▶ **Work to be completed**
What you return must match the listing below character for character, minus any pictures.

▶ **Data supplied**
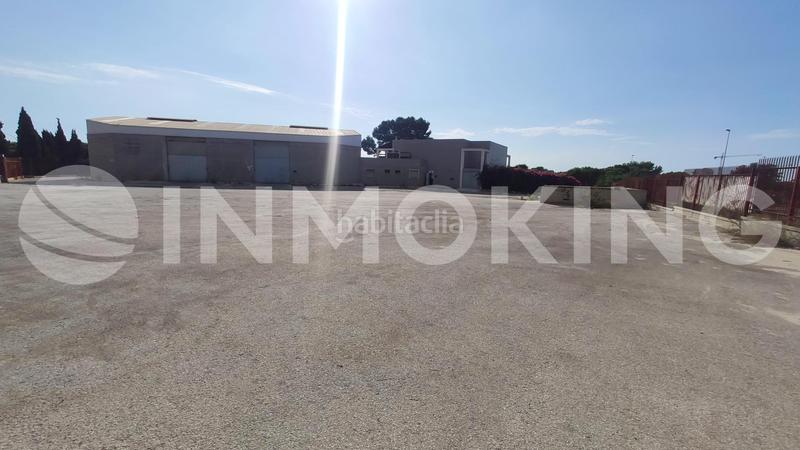 Foto 52b35e6d-3734-4304-8052-bfaeebaa46fd. Rent business premise in av. miguel de cervantes 2 in Orihuela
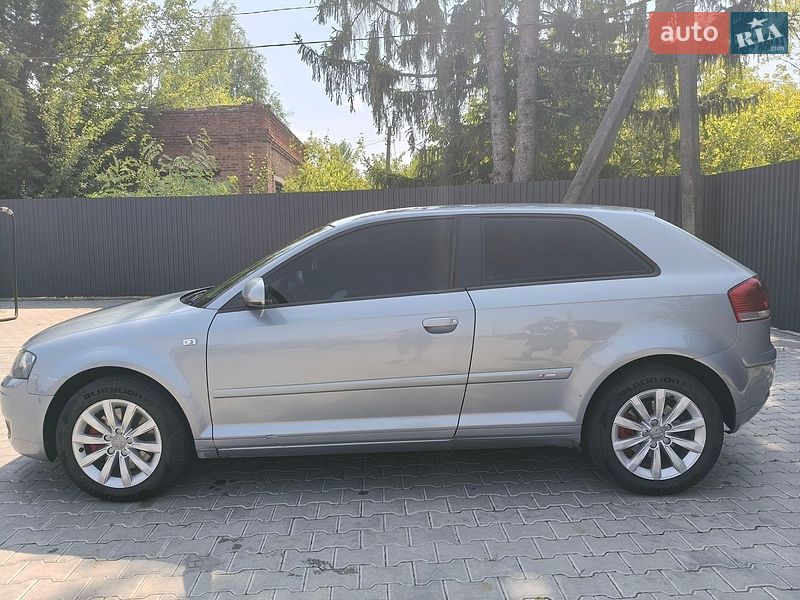 Хетчбек Audi A3 2006 в Житомирі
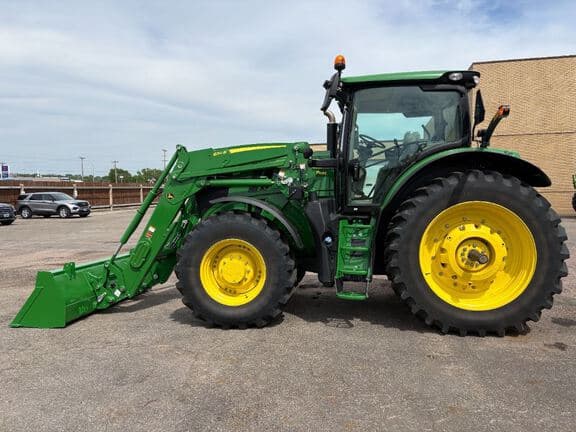 Image of John Deere 6R 195 equipment image 1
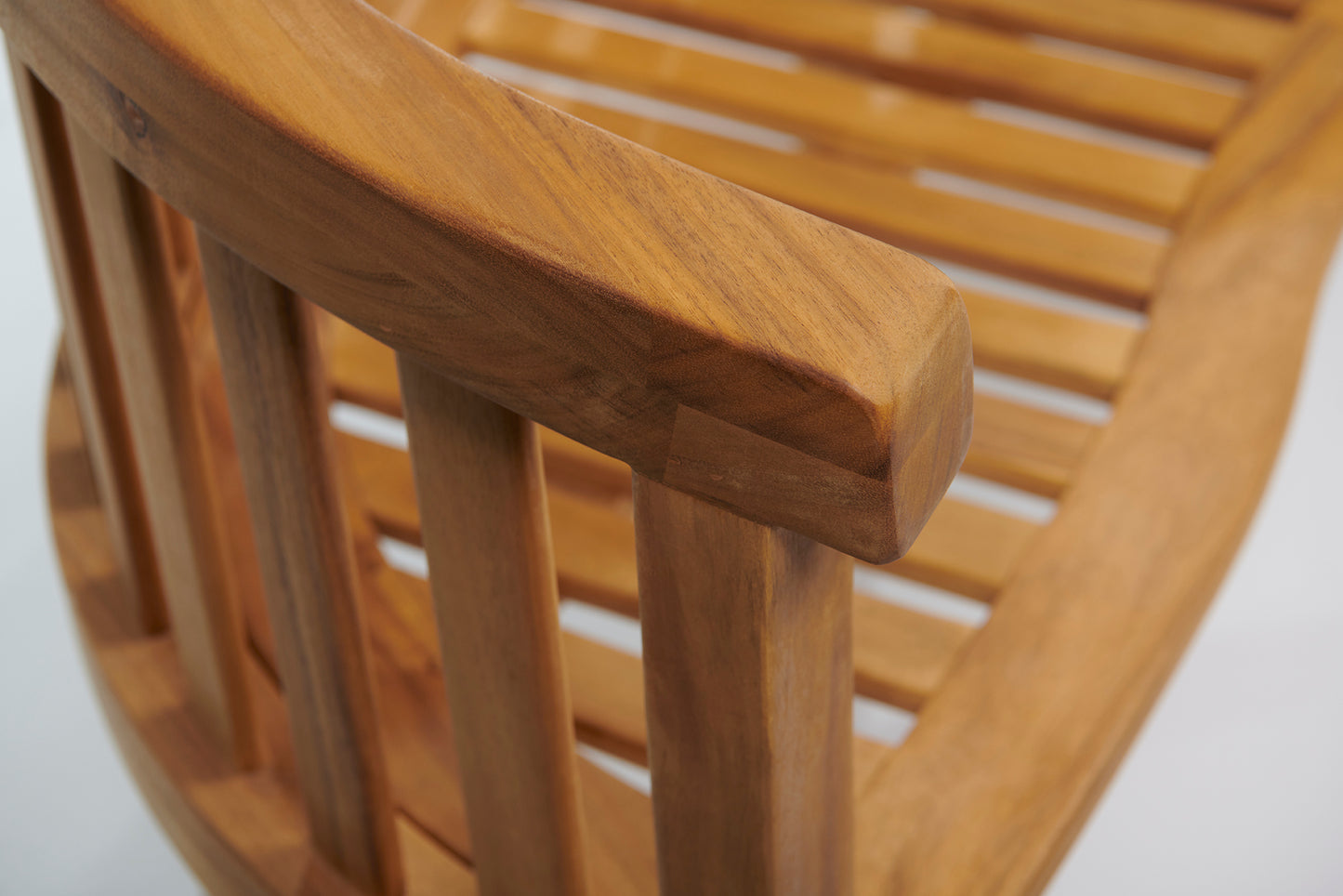 Woodfield Curved Garden Bench – FSC Acacia Hardwood, Natural Oil Finish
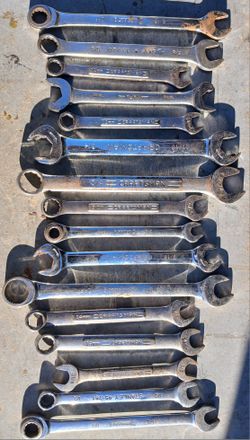Wreches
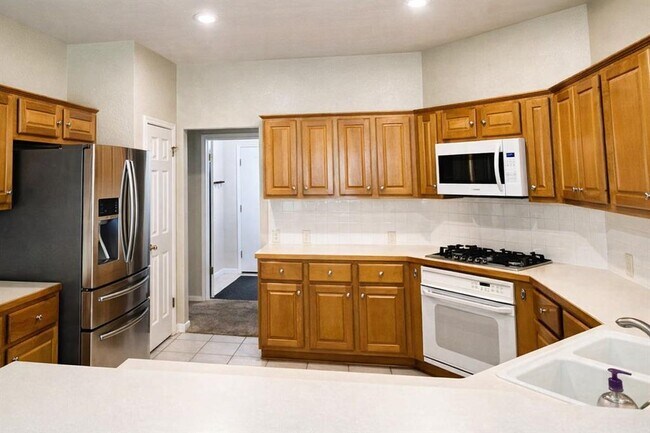 Building Photo - 3112 Burks Ln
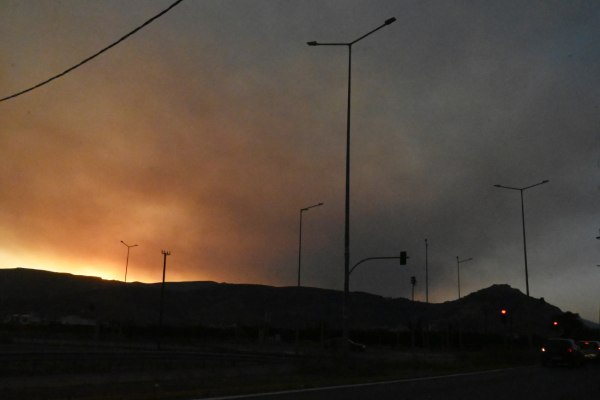 Δύσκολη νύχτα για τα Κύθηρα – Μαίνονται οι εστίες, ισχυροί άνεμοι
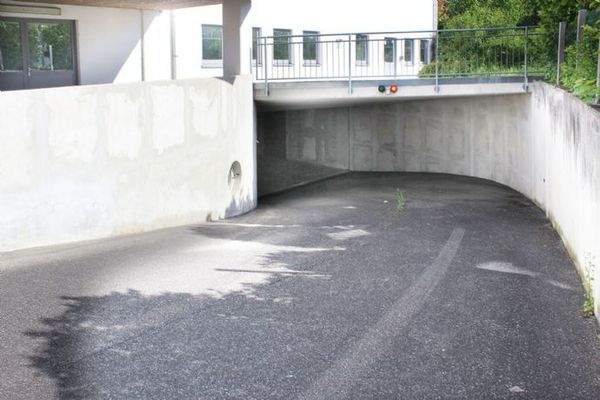 Tiefgaragenzufahrt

▶ **Response to the exercise**
 Foto 52b35e6d-3734-4304-8052-bfaeebaa46fd. Rent business premise in av. miguel de cervantes 2 in Orihuela
 Хетчбек Audi A3 2006 в Житомирі
 Image of John Deere 6R 195 equipment image 1
 Woodfield Curved Garden Bench – FSC Acacia Hardwood, Natural Oil Finish
Wreches
 Building Photo - 3112 Burks Ln
 Δύσκολη νύχτα για τα Κύθηρα – Μαίνονται οι εστίες, ισχυροί άνεμοι
 Tiefgaragenzufahrt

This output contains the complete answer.